Le riflessioni di Stefano Rossini, amministratore delegato di Mutuisupermarket, sugli effetti della Brexit.
La cosiddetta “Brexit” avrà sicuramente impatti importanti sul mondo dei mutui in Italia, alcuni che si dipaneranno nell’immediato, e che de facto stiamo già osservando, altri che emergeranno nel corso dei prossimi trimestri, e che per portata potrebbero essere ben più importanti degli effetti che stiamo registrando attualmente. Nell’immediato “brexit aftermath”, l’impatto ha riguardato principalmente i mercati finanziari: la Brexit ha innescato aspettative di nuove misure espansive da parte della Bce nel corso dei prossimi trimestri, a garanzia e sostegno della liquidità di mercato, stabilità e crescita Area Euro.
Questo ha a sua volta innescato aspettative di tassi Euribor a valori minimi su periodi temporali più estesi, una nuova caduta dei tassi sui titoli di Stato e quindi una nuova riduzione dei tassi interbancari Irs. Gli indici di riferimento per i tassi variabili (Euribor) e fissi (Irs) sono quindi ai minimi storici di sempre e probabilmente per periodi di tempo maggiormente estesi rispetto a quanto atteso nel pre-Brexit. Osservando infatti le quotazioni dei futures Euribor 3 mesi scambiati sul mercato Liffe di Londra, il mercato si attende un Euribor 3 mesi sotto zero sino a gennaio 2021. Gli spread di offerta sui mutui post brexit non stanno invece aumentando e sembrano stabili se non addirittura in ulteriore leggera riduzione.
Le banche non stanno reagendo quindi alla Brexit, gli spread sono sempre molto ridotti e oscillano, per le migliori offerte sia a tasso fisso che variabile, fra lo 0,9% e l’1,1%. Nel medio e lungo periodo invece la situazione potrebbe mutare significativamente: è difficile prevedere scenari esatti ma sicuramente avranno un ruolo fondamentale le modalità e i risultati delle negoziazioni fra Uk e Bruxelles una volta che saranno avviate, negoziazioni che si dipaneranno su un arco temporale esteso e che potrebbero impattare in maniera differente sull’economia reale dei vari Paesi.

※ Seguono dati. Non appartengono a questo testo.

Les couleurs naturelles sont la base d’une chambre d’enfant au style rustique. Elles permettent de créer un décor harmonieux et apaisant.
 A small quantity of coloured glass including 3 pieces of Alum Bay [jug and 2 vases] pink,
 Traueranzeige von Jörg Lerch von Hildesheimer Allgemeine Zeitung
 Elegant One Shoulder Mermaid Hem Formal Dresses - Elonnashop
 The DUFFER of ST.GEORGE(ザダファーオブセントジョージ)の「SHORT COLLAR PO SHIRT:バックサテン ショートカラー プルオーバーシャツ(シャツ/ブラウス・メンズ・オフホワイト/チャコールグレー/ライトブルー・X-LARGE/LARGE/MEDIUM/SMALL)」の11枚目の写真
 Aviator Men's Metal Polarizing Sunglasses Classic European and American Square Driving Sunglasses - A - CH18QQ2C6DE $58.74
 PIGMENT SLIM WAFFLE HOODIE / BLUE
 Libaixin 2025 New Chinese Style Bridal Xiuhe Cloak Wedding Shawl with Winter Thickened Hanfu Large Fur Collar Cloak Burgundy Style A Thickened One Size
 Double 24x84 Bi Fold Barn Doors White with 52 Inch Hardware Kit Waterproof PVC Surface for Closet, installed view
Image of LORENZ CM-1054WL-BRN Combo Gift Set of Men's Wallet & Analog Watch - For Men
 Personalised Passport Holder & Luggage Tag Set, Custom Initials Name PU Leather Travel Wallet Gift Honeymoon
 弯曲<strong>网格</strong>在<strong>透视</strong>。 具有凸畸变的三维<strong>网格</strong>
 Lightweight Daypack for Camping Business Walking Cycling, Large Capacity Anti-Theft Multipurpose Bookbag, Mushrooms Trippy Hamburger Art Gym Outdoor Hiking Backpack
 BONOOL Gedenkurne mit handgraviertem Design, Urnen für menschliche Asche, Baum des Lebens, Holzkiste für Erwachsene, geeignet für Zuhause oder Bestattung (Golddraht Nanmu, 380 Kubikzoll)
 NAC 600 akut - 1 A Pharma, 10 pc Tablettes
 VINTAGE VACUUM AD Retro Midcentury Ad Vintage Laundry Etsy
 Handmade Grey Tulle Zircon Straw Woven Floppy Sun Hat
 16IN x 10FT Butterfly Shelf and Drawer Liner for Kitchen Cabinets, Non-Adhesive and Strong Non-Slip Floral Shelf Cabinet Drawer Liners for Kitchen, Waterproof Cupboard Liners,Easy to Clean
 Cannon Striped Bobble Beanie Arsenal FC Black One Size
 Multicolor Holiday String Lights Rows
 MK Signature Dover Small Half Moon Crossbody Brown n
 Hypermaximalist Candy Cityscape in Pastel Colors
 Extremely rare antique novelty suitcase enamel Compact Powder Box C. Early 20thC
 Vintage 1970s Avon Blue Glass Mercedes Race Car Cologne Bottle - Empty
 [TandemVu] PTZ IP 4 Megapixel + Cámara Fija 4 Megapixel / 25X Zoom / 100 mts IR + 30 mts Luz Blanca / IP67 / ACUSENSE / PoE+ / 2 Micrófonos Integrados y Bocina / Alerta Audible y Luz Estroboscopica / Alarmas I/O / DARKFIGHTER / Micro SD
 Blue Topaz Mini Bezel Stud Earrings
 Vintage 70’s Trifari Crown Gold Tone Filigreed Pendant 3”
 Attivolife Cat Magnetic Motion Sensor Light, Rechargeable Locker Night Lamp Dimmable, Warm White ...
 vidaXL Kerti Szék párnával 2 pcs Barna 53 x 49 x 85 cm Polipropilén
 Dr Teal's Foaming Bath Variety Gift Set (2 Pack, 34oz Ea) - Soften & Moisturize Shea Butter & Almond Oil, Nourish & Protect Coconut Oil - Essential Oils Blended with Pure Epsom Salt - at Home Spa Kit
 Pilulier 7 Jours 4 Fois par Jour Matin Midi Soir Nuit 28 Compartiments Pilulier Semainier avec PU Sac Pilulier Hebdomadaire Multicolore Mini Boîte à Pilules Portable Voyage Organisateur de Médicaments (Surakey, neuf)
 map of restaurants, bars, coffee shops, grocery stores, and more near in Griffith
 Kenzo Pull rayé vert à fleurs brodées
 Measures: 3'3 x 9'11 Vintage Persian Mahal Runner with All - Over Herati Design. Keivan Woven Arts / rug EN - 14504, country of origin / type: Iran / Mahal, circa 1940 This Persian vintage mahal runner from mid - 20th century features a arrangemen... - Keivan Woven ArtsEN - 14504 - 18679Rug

Se le negoziazioni seguiranno una linea rigida e dura, i flussi di business e import-export fra Uk e area Euro potrebbero essere significativamente impattati, gli investimenti privati verrebbero in parte riallocati a livello europa, e le stime di crescita del Pil potrebbero essere riviste al ribasso per diversi paesi, locomotive d’Europa e non, re-innescando un nuovo periodo di crescita minima o addirittura recessione. Con minori flussi di reddito e prospettive salariali, il rischio di credito delle banche aumenterebbe e potenzialmente anche i tassi di default crescerebbero. Ciò porterebbe inevitabilmente ad un nuovo aumento degli spread e quindi dei tassi finali per i mutui casa. Quando si entra nella sfera dell’economia reale e la crescita si arresta, imprese, privati e famiglie con maggiore incertezza e minori prospettive potrebbero rallentare spese e investimento, alimentando un nuovo circolo vizioso di deflazione e recessione. C’è da considerare però che dato che tali rischi sono chiari a Londra quanto a Bruxelles, l’aspettativa è che si riesca a trovare un equilibrio nelle misure che verrano definite, a beneficio di una maggiore stabilità e solida ripresa di tutti i sistemi economici impattati dalla decisione di Brexit.